(Web page caption snippets)
- Opening Delimiter -

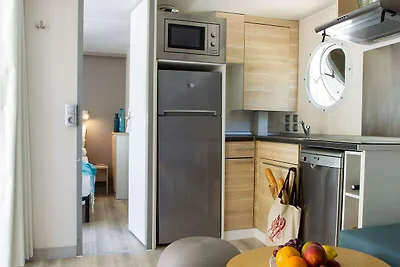 Chalet mit 2 Bהdern in Strandnהhe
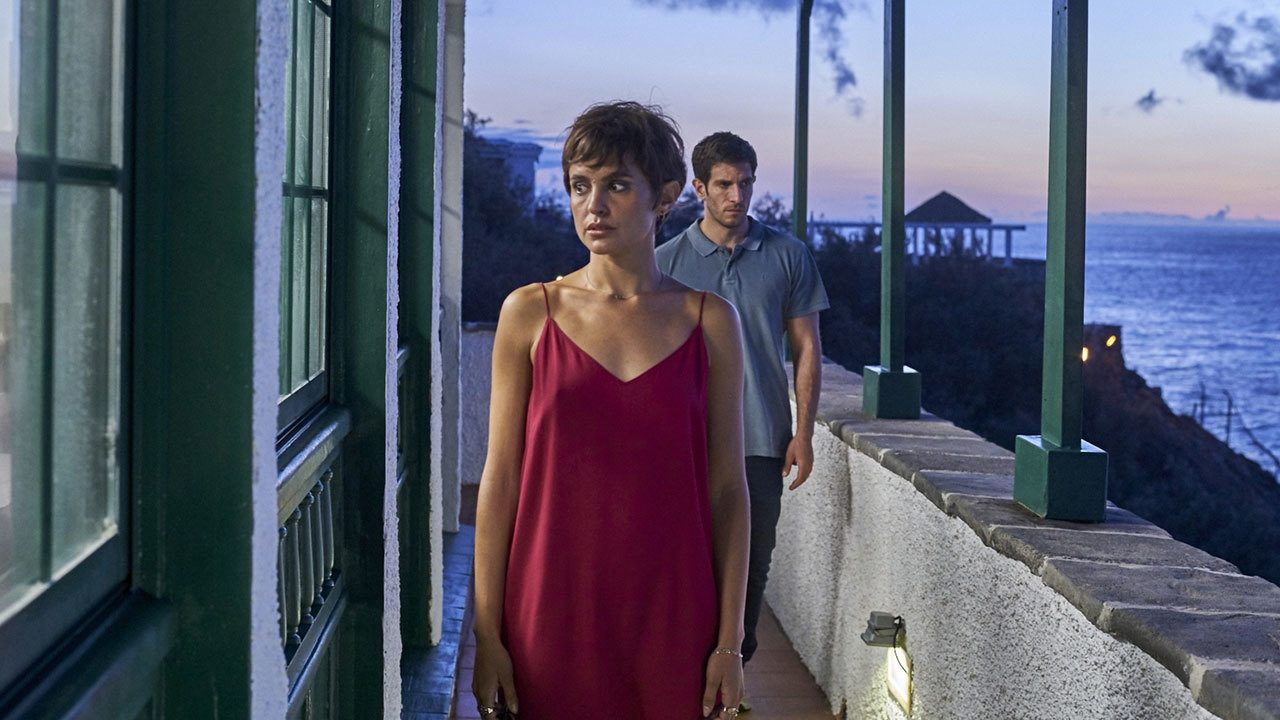 Backdrop image for movie Mist & the Maiden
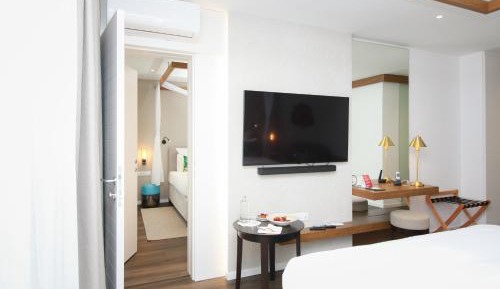 Superior King Room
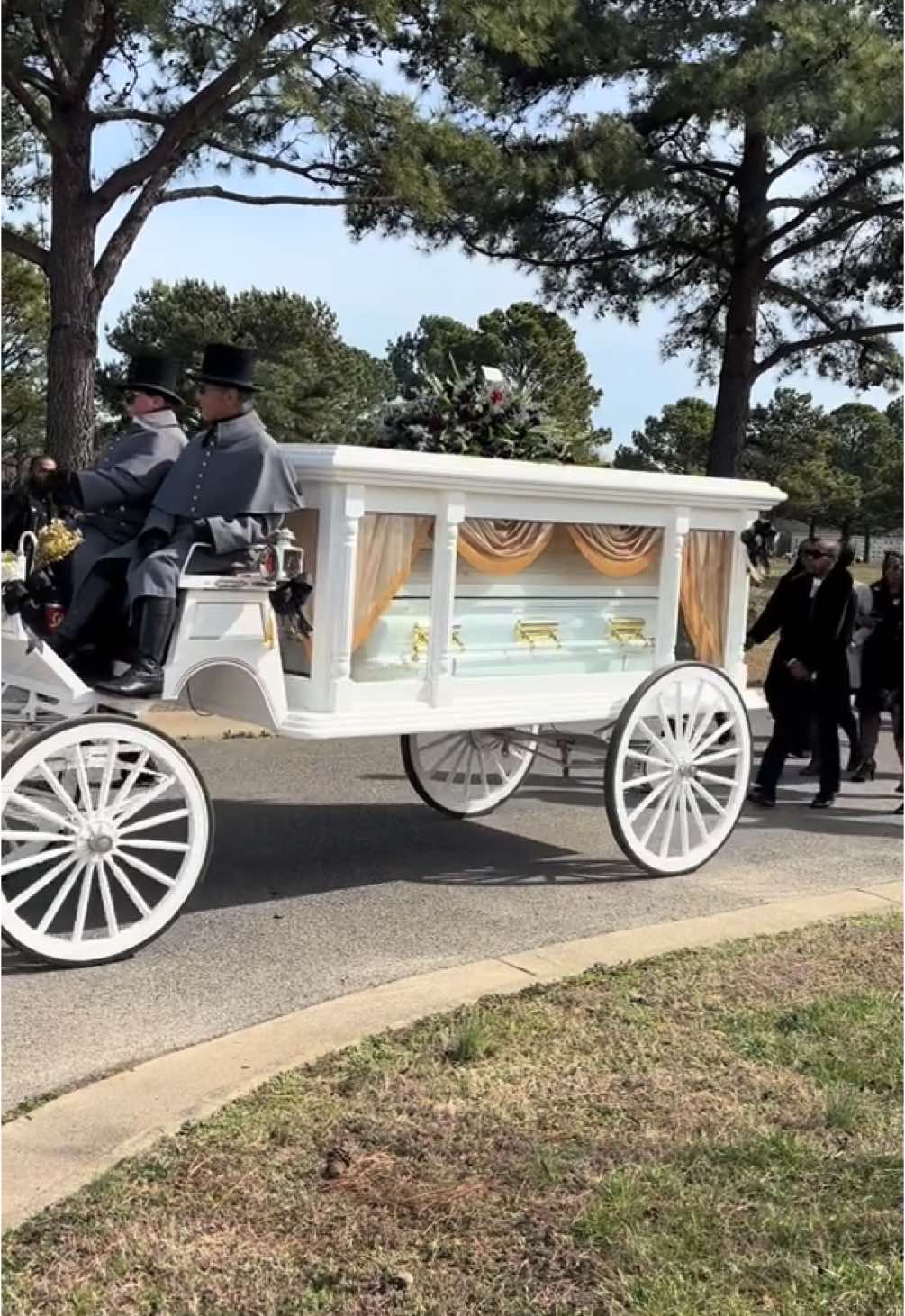 A post by @sheilamariahf on TikTok caption: Long live Latonya, we love you forever girl 🤍 #justiceforlatonya #foreversweets
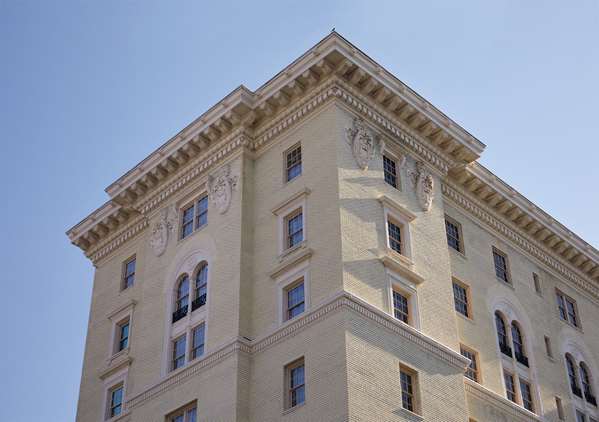 Exterior view - Hotel Ulysses Mount Vernon Baltimore - I-83, Exit 3
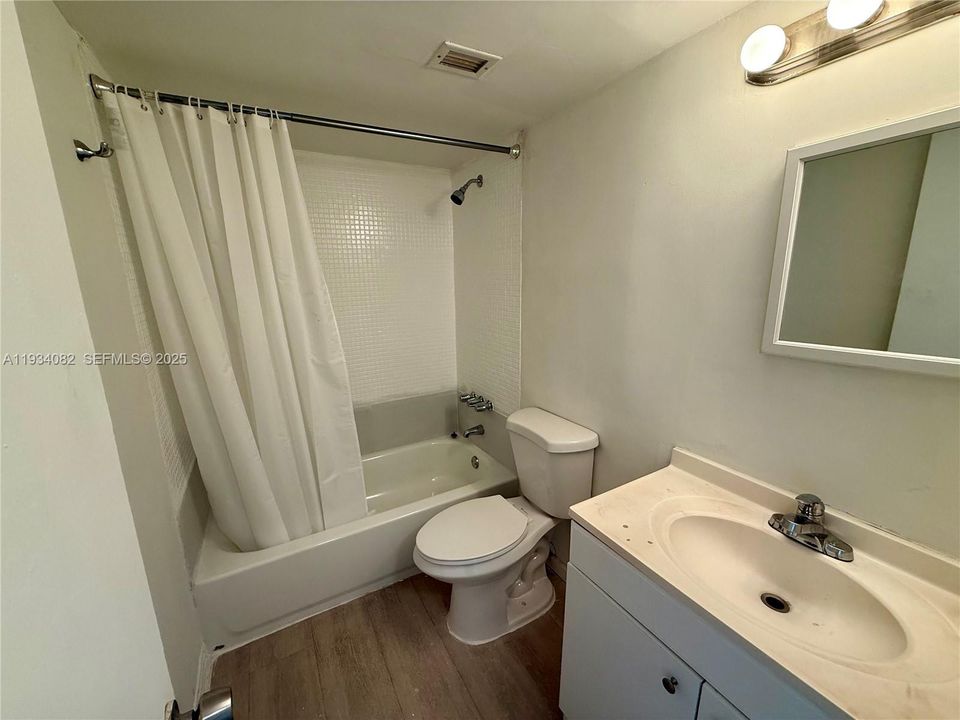 For Rent: $2,000 (2 beds, 2 baths, 1175 Square Feet)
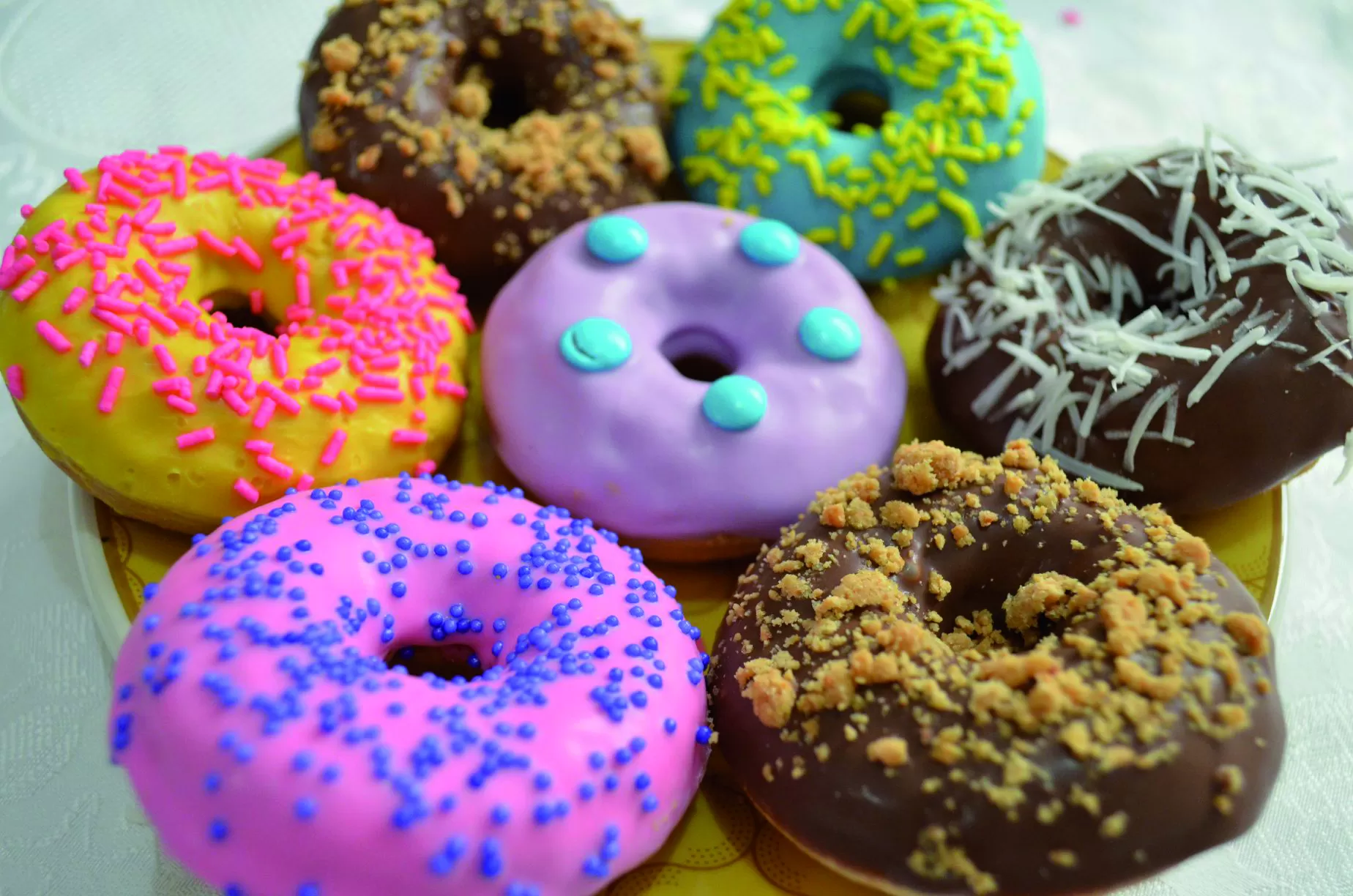 Pra que serve o furo na rosquinha? Destiny descobre os donuts 🍩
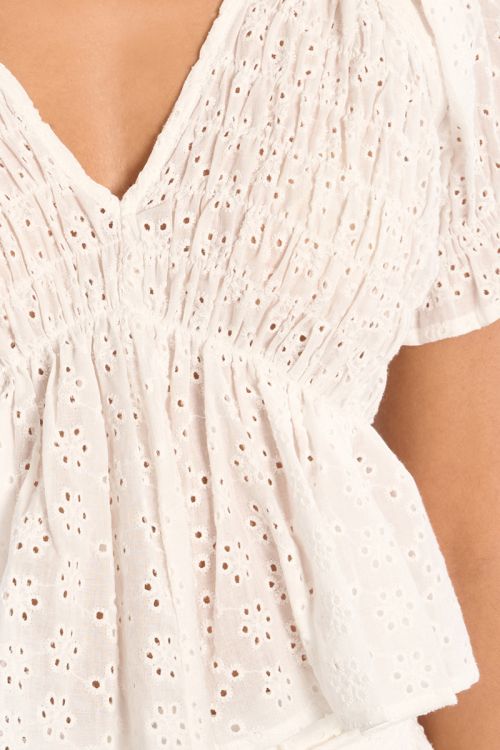 Top court en broderie anglaise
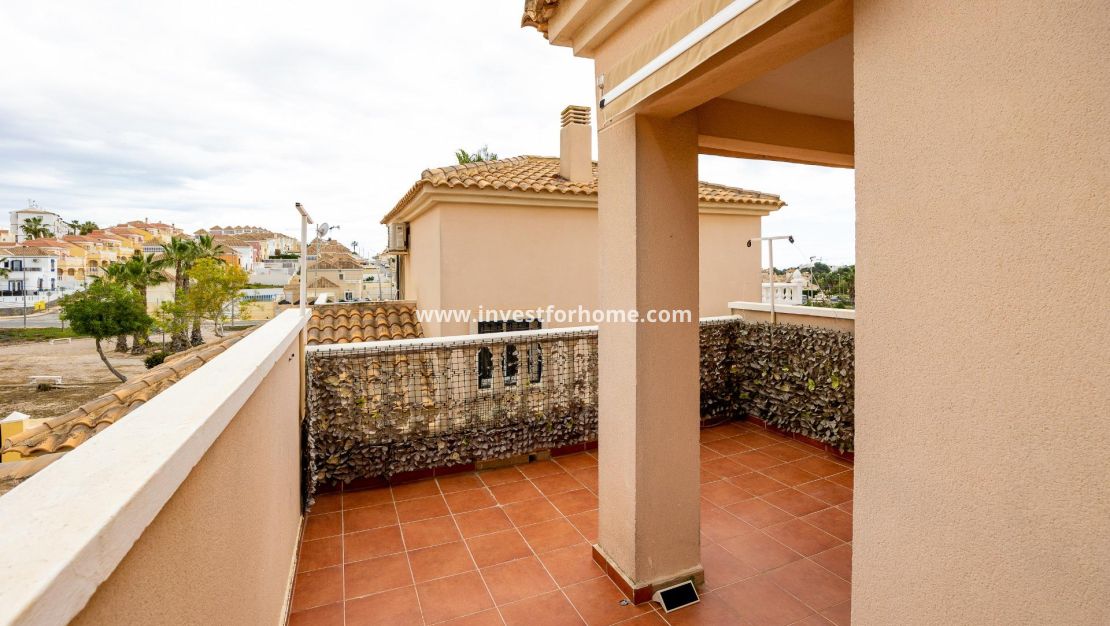 Verkoop - Villa - Orihuela Costa - Villamartín
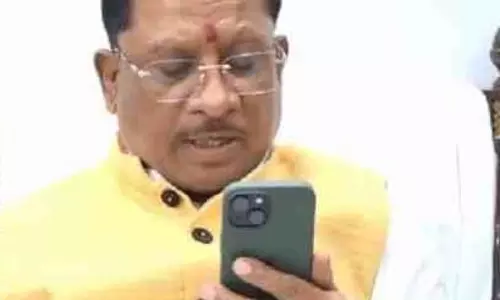 CM साय ने दिनेश की पत्नी से फोन पर बात की CM साय ने दिनेश की पत्नी से फोन पर बात की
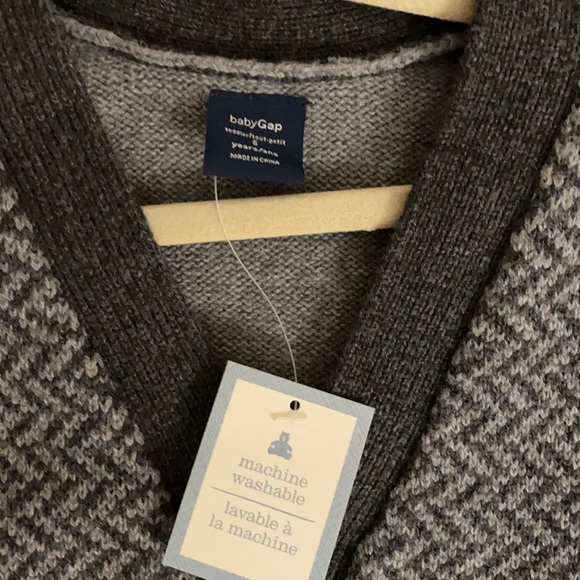 New Without Tag Cotton Wool Vintage Style Sophisticated Boys Gap Gray Vest 4T 5T - Picture 2 of 4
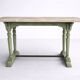 Table ancienne de métier en bois patiné, piètement vert – 105 cm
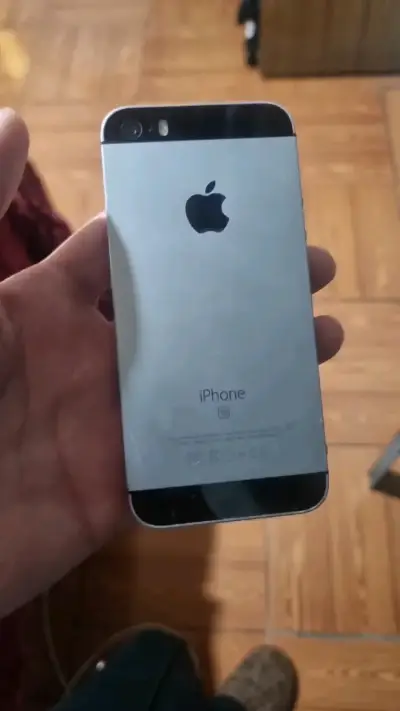 iPhone SE PARA REPUESTOS - miniatura 2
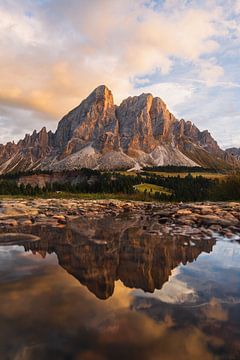 Majestueuze Peitlerkofel met weerspiegeling van Oliver Preuss
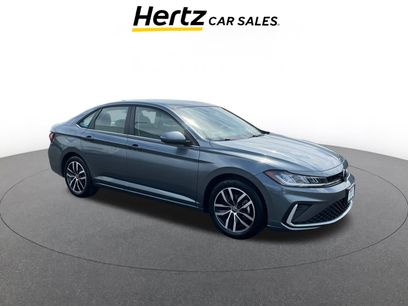 Used 2025 Volkswagen Jetta SE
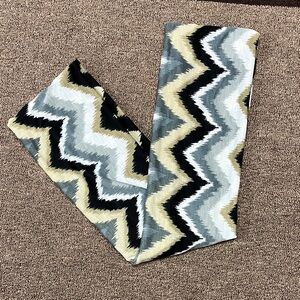 Chic Zigzag Women's Scarf - Black, Gray, Tan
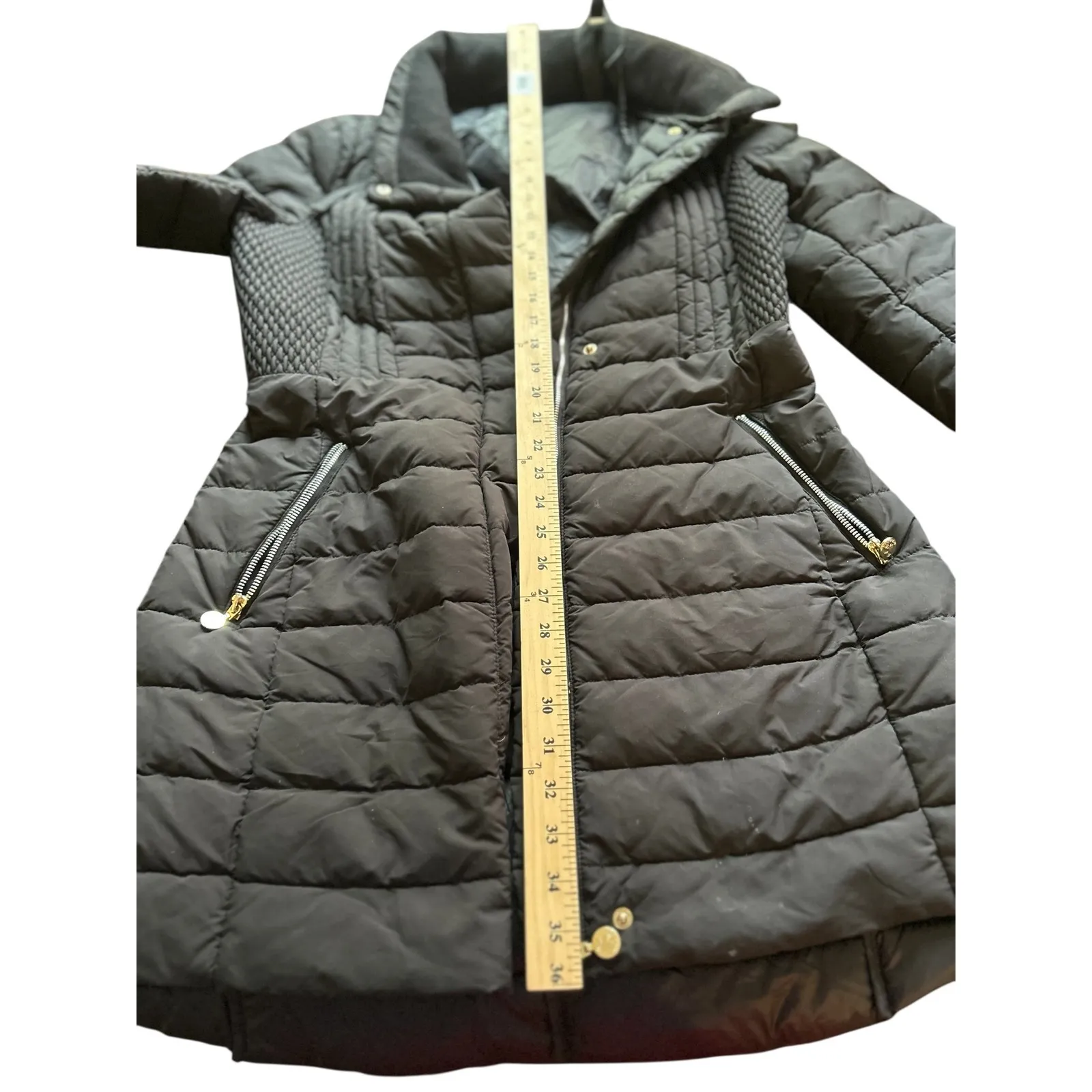 Bernardo Women's Black Puffer Coat with Stylish Collar and Zipper Details Size M - Image 3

- Closing Delimiter -

→ WHAT YOU NEED TO DO: Would you set down the entries exactly as given, minus their pictures?

→ SOLUTION TO THIS EXERCISE:
 Chalet mit 2 Bהdern in Strandnהhe
 Backdrop image for movie Mist & the Maiden
 Superior King Room
 A post by @sheilamariahf on TikTok caption: Long live Latonya, we love you forever girl 🤍 #justiceforlatonya #foreversweets
 Exterior view - Hotel Ulysses Mount Vernon Baltimore - I-83, Exit 3
 For Rent: $2,000 (2 beds, 2 baths, 1175 Square Feet)
 Pra que serve o furo na rosquinha? Destiny descobre os donuts 🍩
 Top court en broderie anglaise
 Verkoop - Villa - Orihuela Costa - Villamartín
 CM साय ने दिनेश की पत्नी से फोन पर बात की CM साय ने दिनेश की पत्नी से फोन पर बात की
 New Without Tag Cotton Wool Vintage Style Sophisticated Boys Gap Gray Vest 4T 5T - Picture 2 of 4
 Table ancienne de métier en bois patiné, piètement vert – 105 cm
 iPhone SE PARA REPUESTOS - miniatura 2
 Majestueuze Peitlerkofel met weerspiegeling van Oliver Preuss
 Used 2025 Volkswagen Jetta SE
 Chic Zigzag Women's Scarf - Black, Gray, Tan
 Bernardo Women's Black Puffer Coat with Stylish Collar and Zipper Details Size M - Image 3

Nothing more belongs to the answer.